Key Takeaways:
The DNS registrar for eth.limo, a widely used gateway for the Ethereum Name Service (ENS), was attacked on April 18, 2026, prompting a security alert from Ethereum co-founder Vitalik Buterin.
"The DNS registrar for eth.limo was attacked," Buterin stated, advising users to "temporarily stop accessing vitalik.eth.limo or other eth.limo pages." He recommended users switch to alternative gateways or access content directly via IPFS until the issue is resolved.
Eth.limo acts as a bridge, allowing users to access ENS domains—which are decentralized and stored on the Ethereum blockchain—through traditional web browsers. The security breach occurred at the DNS registrar level, a centralized point of failure, rather than on the decentralized ENS protocol itself. This vulnerability could allow attackers to redirect traffic to malicious sites, posing a significant phishing and asset theft risk to users attempting to access legitimate .eth domains.

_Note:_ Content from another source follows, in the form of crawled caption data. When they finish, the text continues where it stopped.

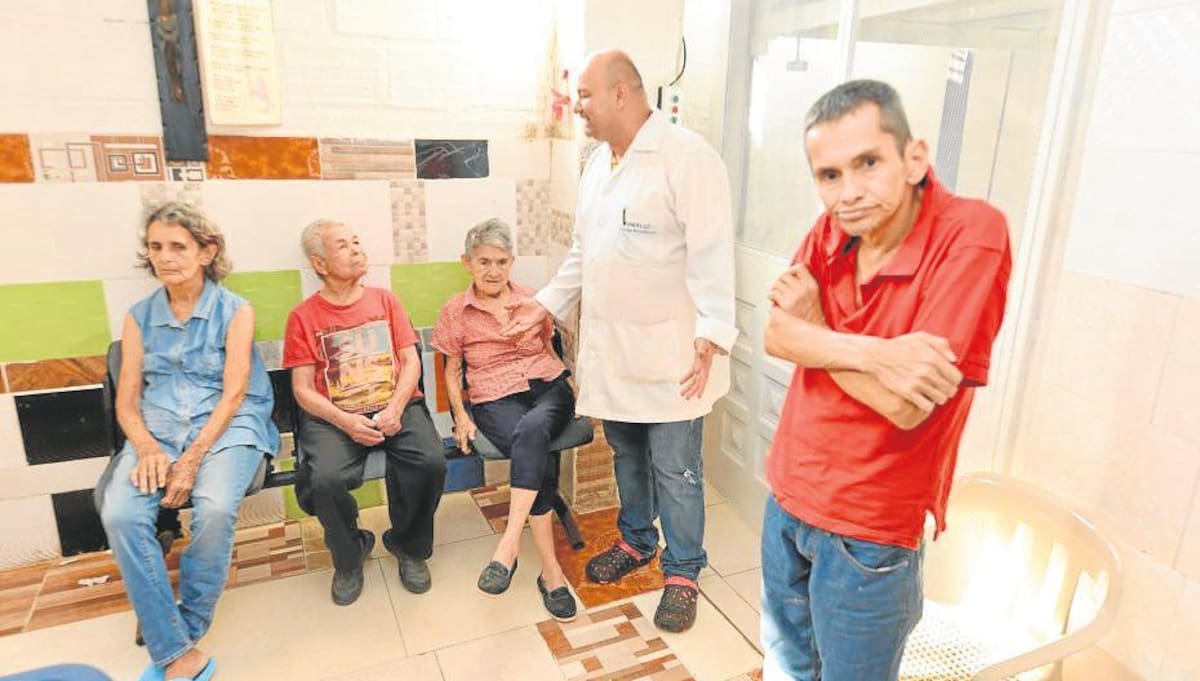 Desde hace 20 años que la Fundación Luz de Esperanza atiende abuelitos, la mayoría enfermos, sin familia y en estado de abandono. Allí, todos encuentran una nueva familia para seguir llevando sus días. Foto: Miguel Vergel / VANGUARDIA
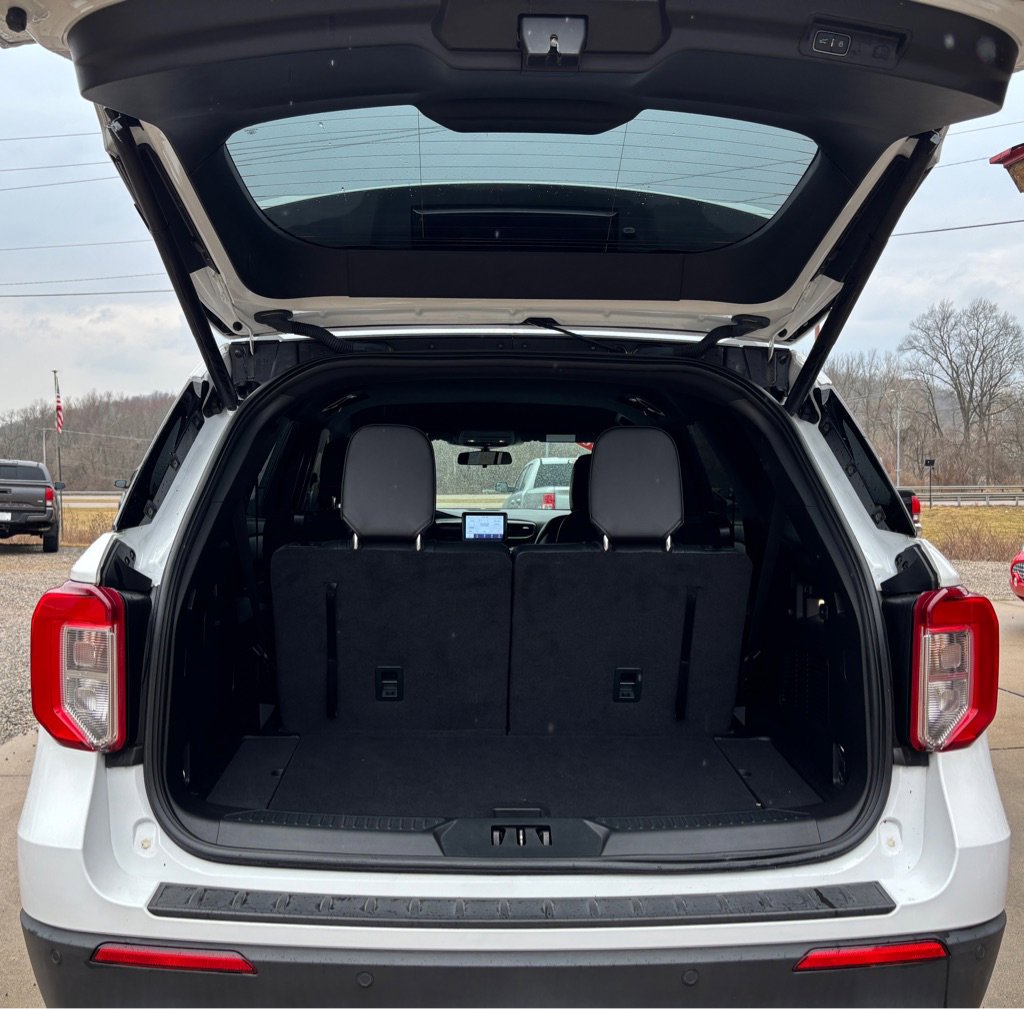 Used 2020 Ford Explorer XLT w/ Equipment Group 202A image 8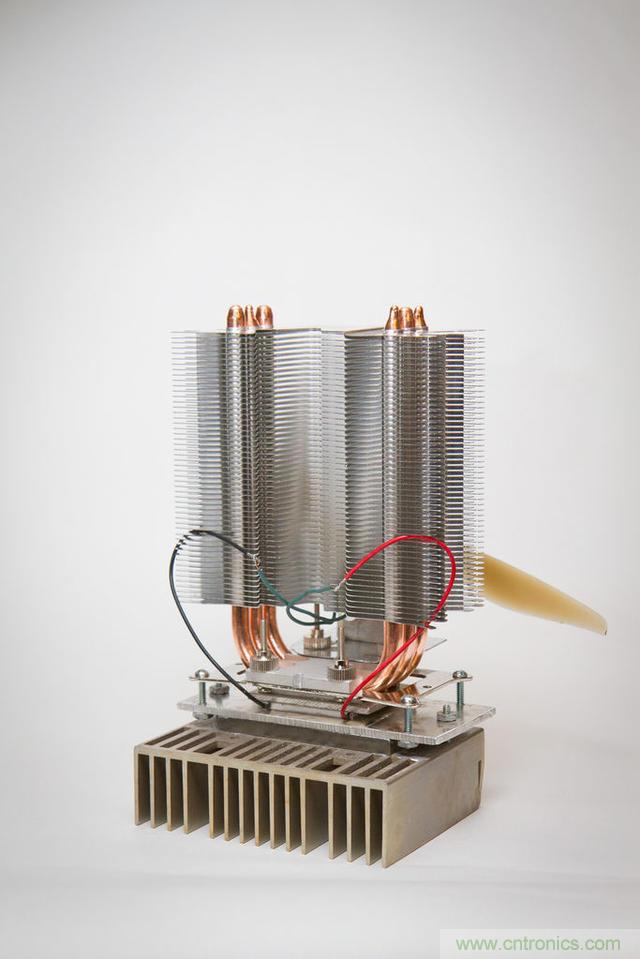 温差发电机:不用电的“智能”风扇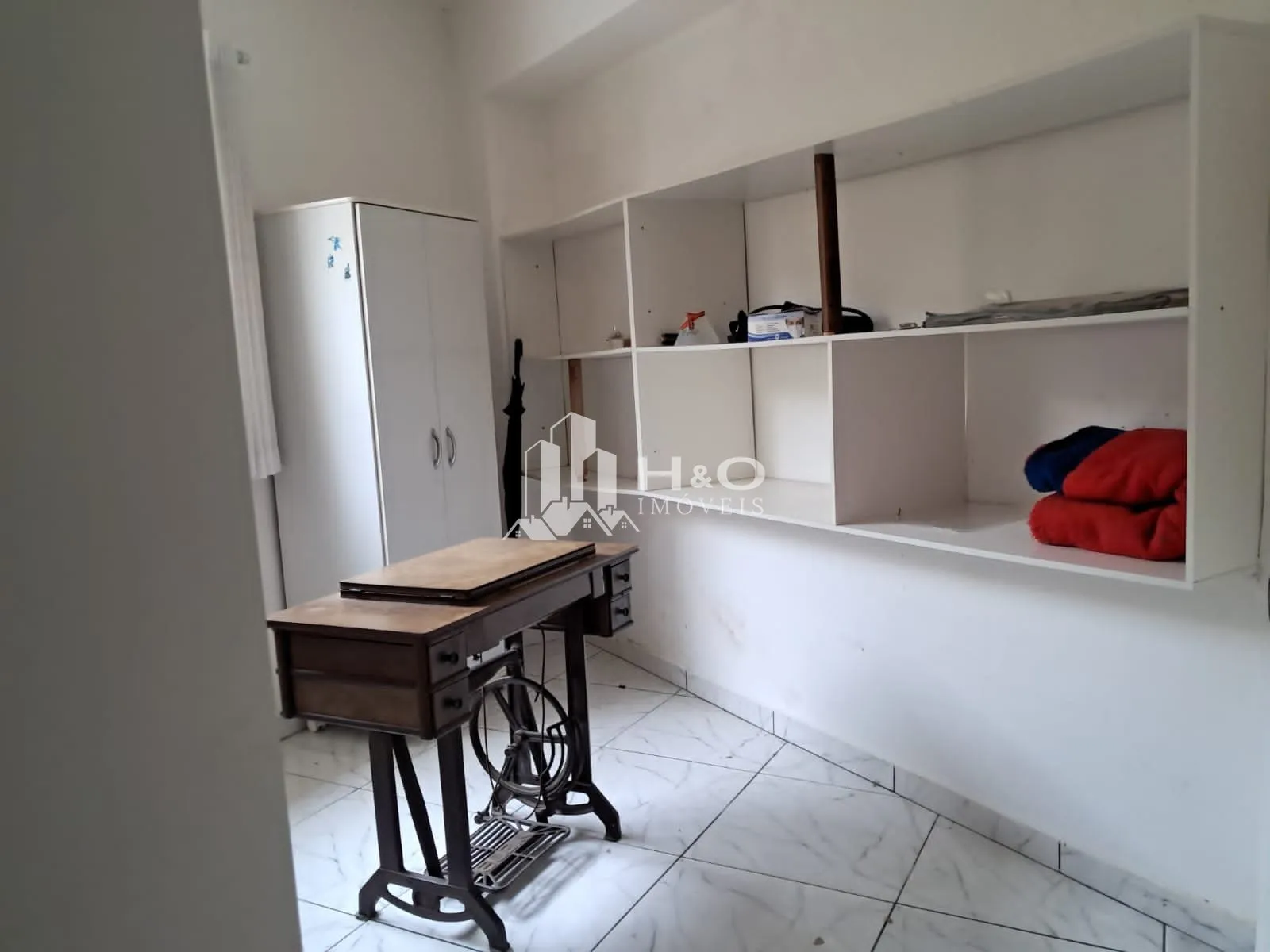 Imagem Oportunidade, Casa Térrea Ampla na Mooca com Churrasqueira, Closet e Quintal - Conforto e Versatilidade para Sua Família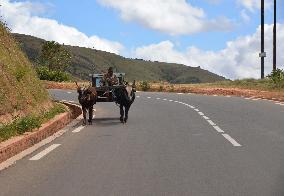 MADAGASCAR-ANTANANARIVO-ECONOMY-CHINA-BUILT-EGG ROAD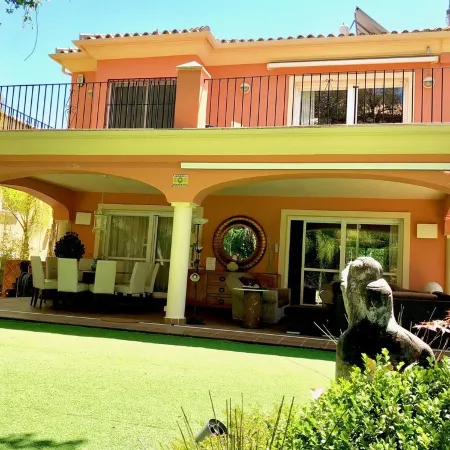 Golfers & Beach Villa with heated pool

The attack underscores the persistent challenges of integrating decentralized technologies with legacy internet infrastructure. While ENS offers a censorship-resistant and user-owned naming system, its accessibility often relies on centralized gateways like eth.limo. The incident may lead to a temporary loss of confidence in such services and push for more robust, decentralized alternatives for accessing Web3 domains. It serves as a critical reminder for users to verify the integrity of the sites they connect to, especially when interacting with crypto wallets.
This article is for informational purposes only and does not constitute investment advice.